What do you see as the biggest challenge to AI in healthcare right now?
While many aspects of healthcare can be broken down into evidence-based and data-driven decisions, other key components are inherently (and thankfully) subjective. These subjective components are much harder to quantify and automate. For example, how a patient chooses to balance potential benefits and side-effects of a particular treatment is inherently subjective and may change. This lack of clear "goals" makes training AI to deliver "personalized" healthcare decisions difficult. Finding a balance between these "scientific" and "humane" solutions to good decision making in healthcare is essential to maintaining our identity and dignity. We will need a lot of investment into the ethics and philosophy of defining "desired outcomes of care" before we are able to design AI to help in the most challenging aspects of medicine and healthcare. 

What do you like to do when you aren’t working?
I like to play and watch tennis. It's been really fun growing up during the "golden era" of tennis and it is something I have enjoyed with my parents, spouse, friends and hopefully, soon, my own children! I learned so much about life from this game.   
   
What advice would you give to STEM students considering an AI in healthcare career?

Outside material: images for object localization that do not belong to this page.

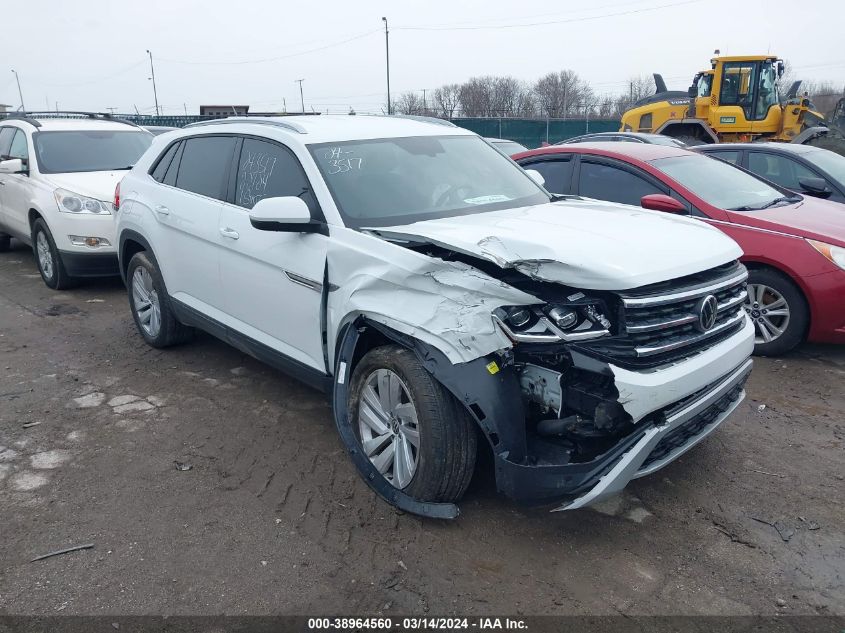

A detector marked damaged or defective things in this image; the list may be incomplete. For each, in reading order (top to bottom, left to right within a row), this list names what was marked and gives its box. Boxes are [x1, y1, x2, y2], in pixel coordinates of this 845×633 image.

damaged white suv [115, 116, 756, 516]
broken headlight [492, 294, 608, 344]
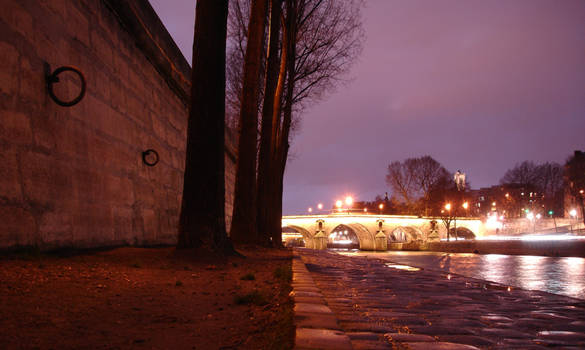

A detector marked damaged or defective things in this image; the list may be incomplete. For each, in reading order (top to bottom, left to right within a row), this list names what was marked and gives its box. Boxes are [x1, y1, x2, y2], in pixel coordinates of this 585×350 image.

rusty metal ring on wall [47, 65, 86, 106]
rusty metal ring on wall [141, 149, 159, 167]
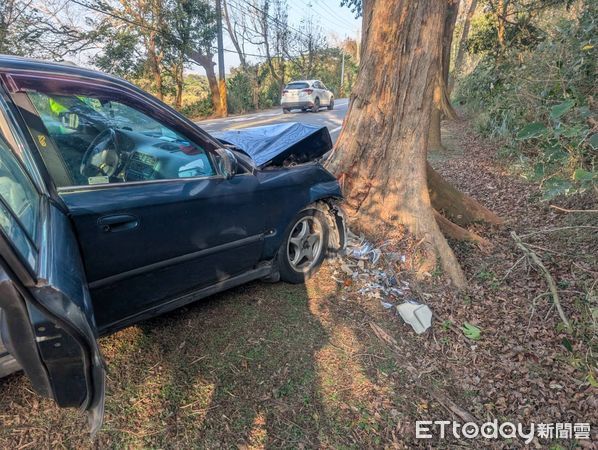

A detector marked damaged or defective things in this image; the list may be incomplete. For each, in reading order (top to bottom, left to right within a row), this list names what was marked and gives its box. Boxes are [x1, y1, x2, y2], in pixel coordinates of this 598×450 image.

crumpled hood [212, 121, 336, 167]
crashed car [0, 56, 346, 432]
damaged front wheel [278, 209, 330, 284]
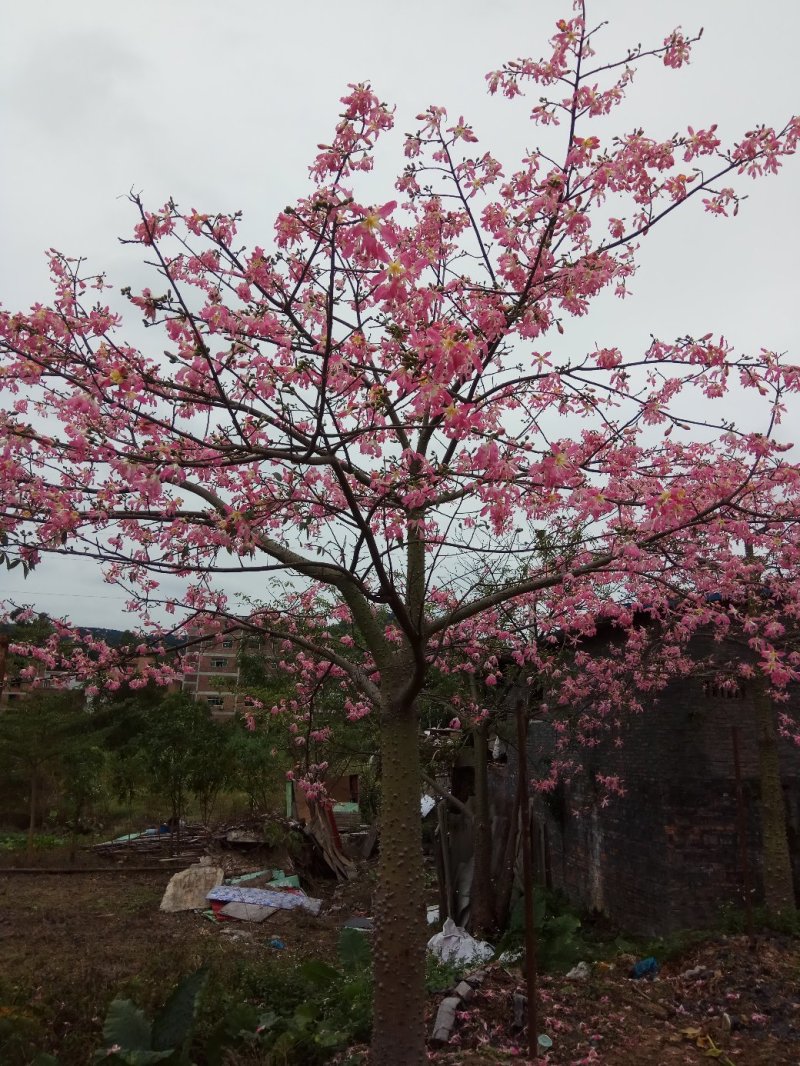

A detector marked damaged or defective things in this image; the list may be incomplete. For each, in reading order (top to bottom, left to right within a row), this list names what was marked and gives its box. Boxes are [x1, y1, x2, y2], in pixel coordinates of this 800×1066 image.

rusty pole [516, 699, 541, 1057]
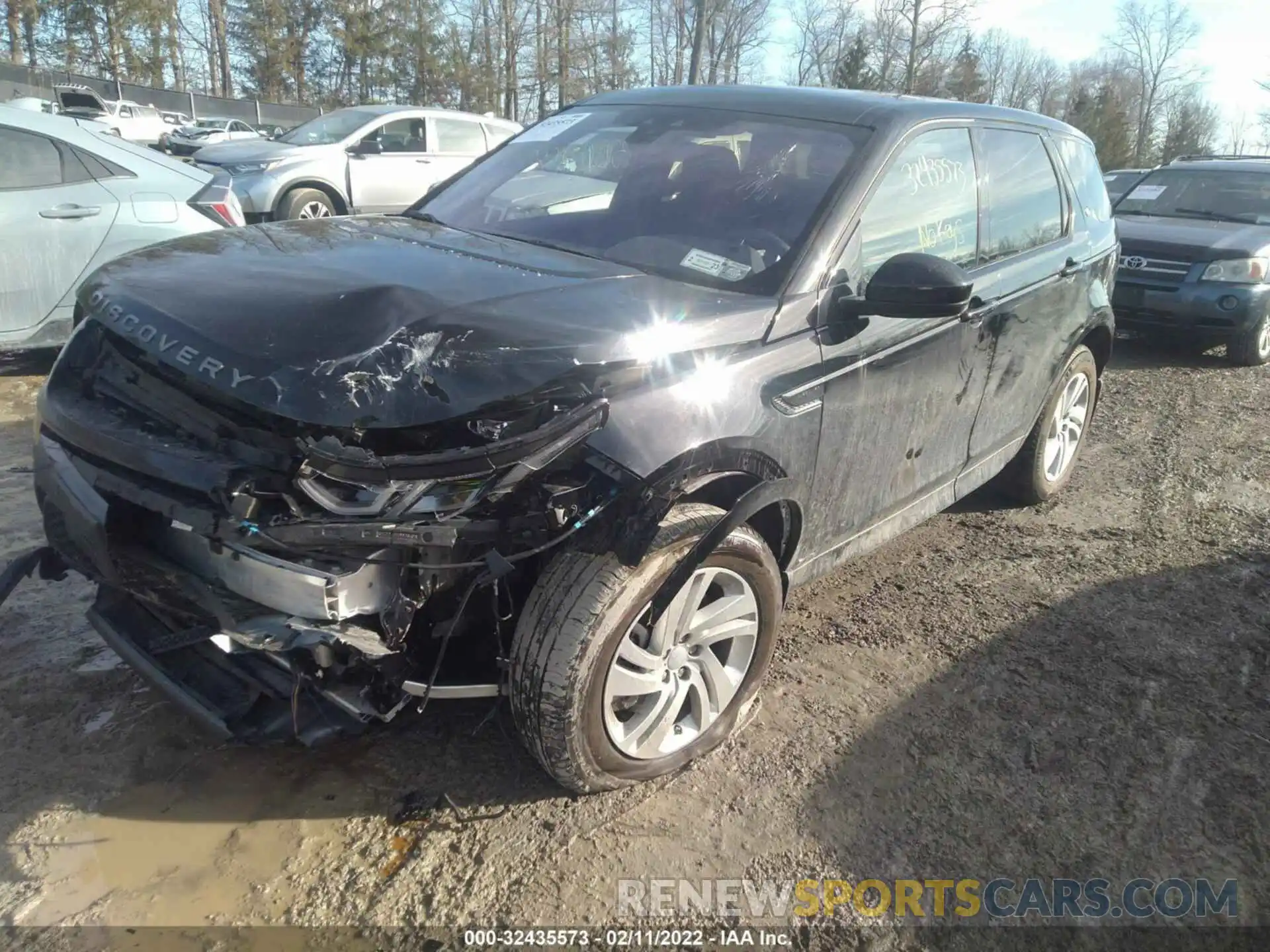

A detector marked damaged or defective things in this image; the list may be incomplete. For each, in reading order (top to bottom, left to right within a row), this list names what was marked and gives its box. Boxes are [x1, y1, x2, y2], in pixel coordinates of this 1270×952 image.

crumpled hood [79, 218, 777, 431]
crumpled hood [1117, 214, 1270, 258]
damaged front end [30, 325, 624, 751]
broken headlight [297, 472, 490, 523]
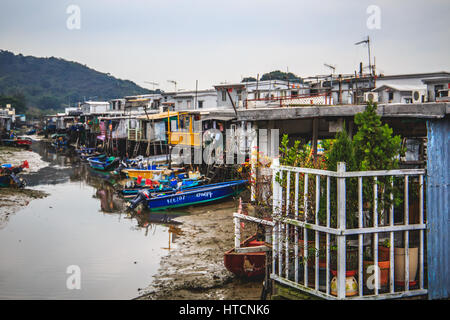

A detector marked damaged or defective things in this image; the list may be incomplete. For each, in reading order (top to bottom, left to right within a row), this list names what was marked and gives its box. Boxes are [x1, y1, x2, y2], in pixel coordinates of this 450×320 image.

rusty metal siding [426, 118, 450, 300]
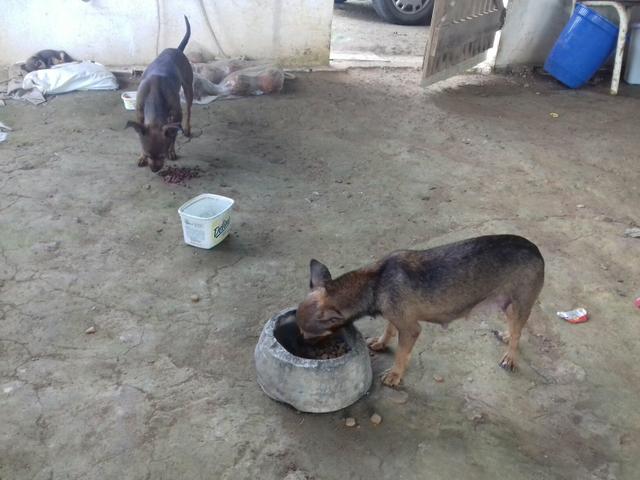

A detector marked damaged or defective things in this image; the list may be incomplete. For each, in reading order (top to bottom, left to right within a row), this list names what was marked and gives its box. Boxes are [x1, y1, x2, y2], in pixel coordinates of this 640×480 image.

wall with peeling paint [0, 0, 332, 67]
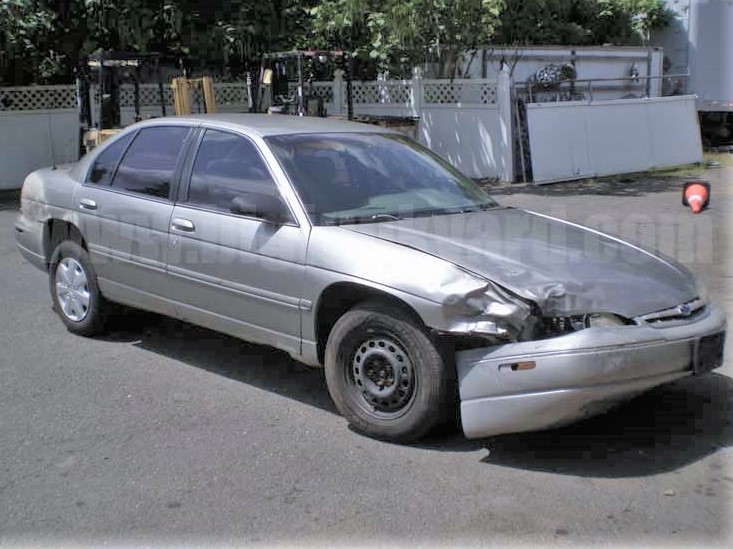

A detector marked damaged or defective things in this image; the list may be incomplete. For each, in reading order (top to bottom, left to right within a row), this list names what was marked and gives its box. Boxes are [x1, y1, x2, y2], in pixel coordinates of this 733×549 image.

damaged car [14, 114, 724, 440]
crumpled hood [344, 208, 696, 316]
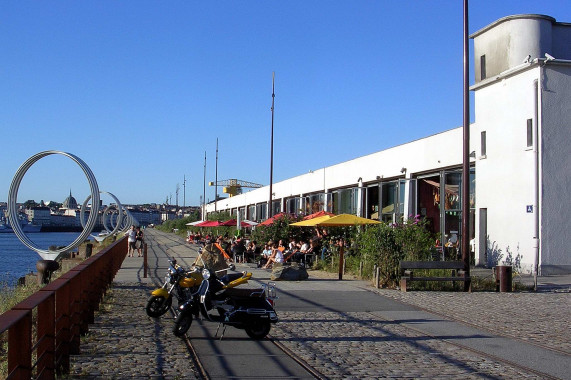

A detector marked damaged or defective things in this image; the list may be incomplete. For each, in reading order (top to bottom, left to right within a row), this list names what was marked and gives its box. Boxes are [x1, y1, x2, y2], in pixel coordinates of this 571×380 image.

rusty metal railing [0, 236, 126, 378]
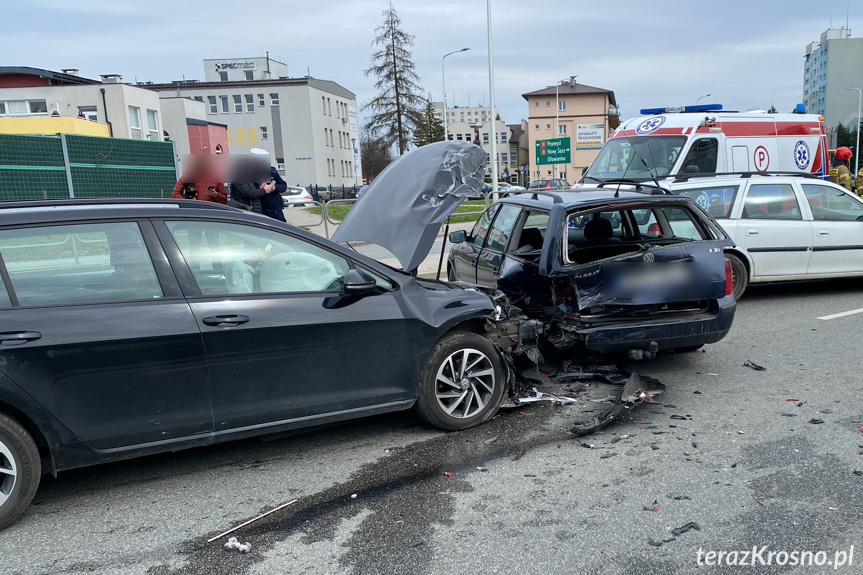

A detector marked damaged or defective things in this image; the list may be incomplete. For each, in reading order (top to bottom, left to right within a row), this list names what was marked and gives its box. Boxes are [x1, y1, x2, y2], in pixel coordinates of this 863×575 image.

shattered glass on asphalt [334, 141, 490, 274]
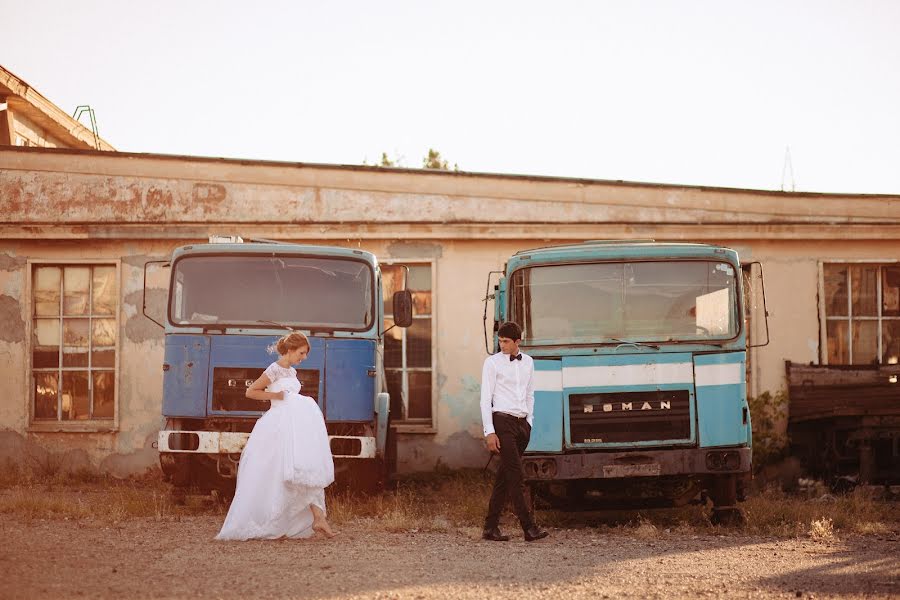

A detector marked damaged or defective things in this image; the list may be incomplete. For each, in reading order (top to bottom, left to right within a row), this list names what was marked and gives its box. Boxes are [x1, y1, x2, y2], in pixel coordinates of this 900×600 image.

peeling paint [0, 253, 25, 272]
peeling paint [0, 294, 25, 342]
broken window [31, 262, 117, 422]
peeling paint [122, 290, 166, 342]
rusty blue truck [146, 239, 414, 496]
broken window [382, 262, 434, 426]
rusty blue truck [486, 241, 768, 524]
broken window [824, 264, 900, 366]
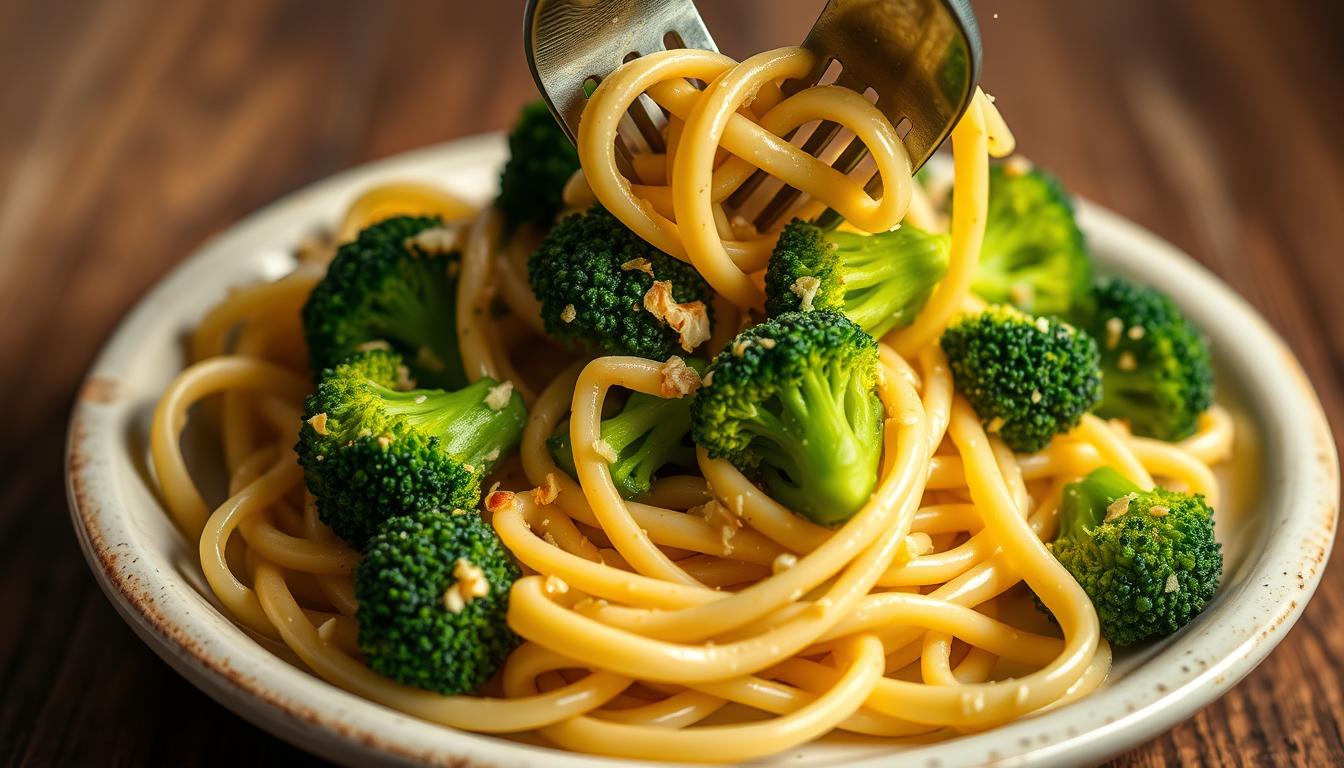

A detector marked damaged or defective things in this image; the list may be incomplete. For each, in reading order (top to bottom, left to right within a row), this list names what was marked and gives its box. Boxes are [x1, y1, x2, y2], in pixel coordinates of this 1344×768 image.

chipped rim glaze [60, 135, 1333, 763]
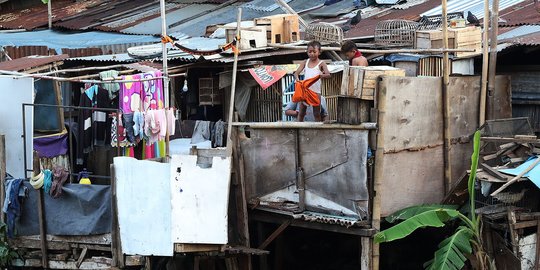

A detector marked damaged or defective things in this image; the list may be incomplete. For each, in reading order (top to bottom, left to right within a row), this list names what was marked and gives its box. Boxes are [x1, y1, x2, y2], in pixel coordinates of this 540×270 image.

rusty corrugated metal sheet [0, 0, 104, 29]
rusty corrugated metal sheet [498, 0, 540, 26]
rusty corrugated metal sheet [0, 53, 68, 70]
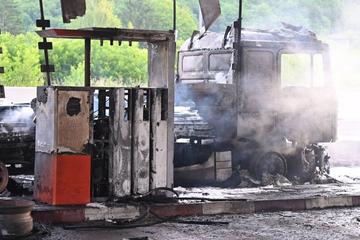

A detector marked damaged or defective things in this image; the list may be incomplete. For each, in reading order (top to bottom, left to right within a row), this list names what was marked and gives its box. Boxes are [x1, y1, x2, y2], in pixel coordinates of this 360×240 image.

rusted metal panel [57, 90, 89, 152]
rusted metal panel [110, 88, 133, 197]
rusted metal panel [131, 89, 150, 194]
rusted metal panel [151, 88, 169, 191]
charred metal structure [174, 21, 338, 185]
burned truck [174, 21, 338, 186]
burned vehicle frame [174, 21, 338, 186]
charred tire [253, 152, 286, 180]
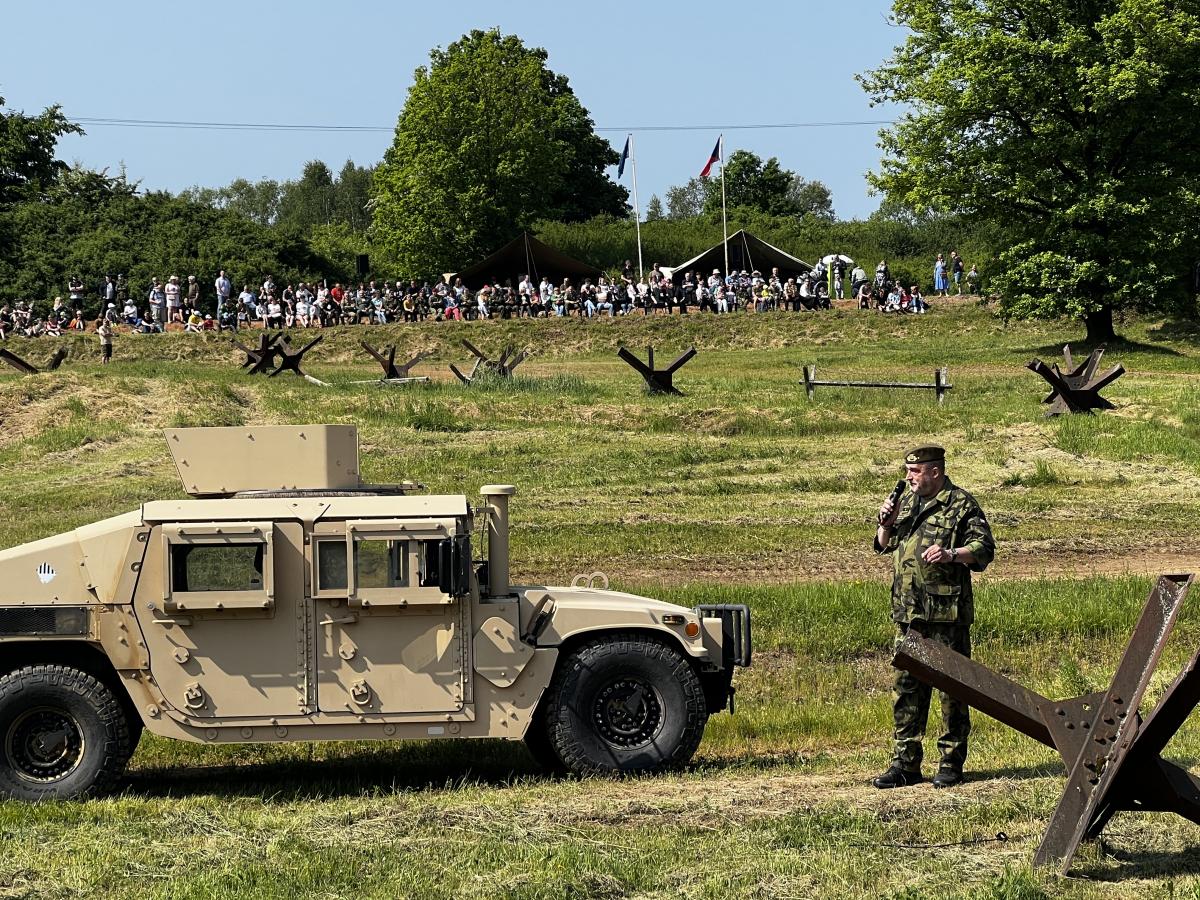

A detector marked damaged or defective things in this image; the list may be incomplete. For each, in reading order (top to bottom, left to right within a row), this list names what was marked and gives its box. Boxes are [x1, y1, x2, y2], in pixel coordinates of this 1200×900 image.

We need people with so-called "intellectual range" who can think like a healthcare provider but also computationally. I recommend that my students develop core competencies where they really excel, but also read a variety of things outside of their field so they can connect diverse ideas to ask and address clinically meaningful questions in novel ways. This is the hardest part of working with translational aspects of AI. I believe people with these types of skills will be the innovators in the years and decades to come.